[Dataset entries]
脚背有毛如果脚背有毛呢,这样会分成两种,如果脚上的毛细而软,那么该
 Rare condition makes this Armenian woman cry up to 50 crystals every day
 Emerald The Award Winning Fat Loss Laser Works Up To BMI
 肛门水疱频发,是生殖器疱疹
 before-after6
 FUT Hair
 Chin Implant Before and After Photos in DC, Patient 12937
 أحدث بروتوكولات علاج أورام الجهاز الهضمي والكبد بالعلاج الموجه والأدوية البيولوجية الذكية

* Work task
Exactly as they are written, print the entries again.

* Reply to the exercise
脚背有毛如果脚背有毛呢,这样会分成两种,如果脚上的毛细而软,那么该
 Rare condition makes this Armenian woman cry up to 50 crystals every day
 Emerald The Award Winning Fat Loss Laser Works Up To BMI
 肛门水疱频发,是生殖器疱疹
 before-after6
 FUT Hair
 Chin Implant Before and After Photos in DC, Patient 12937
 أحدث بروتوكولات علاج أورام الجهاز الهضمي والكبد بالعلاج الموجه والأدوية البيولوجية الذكية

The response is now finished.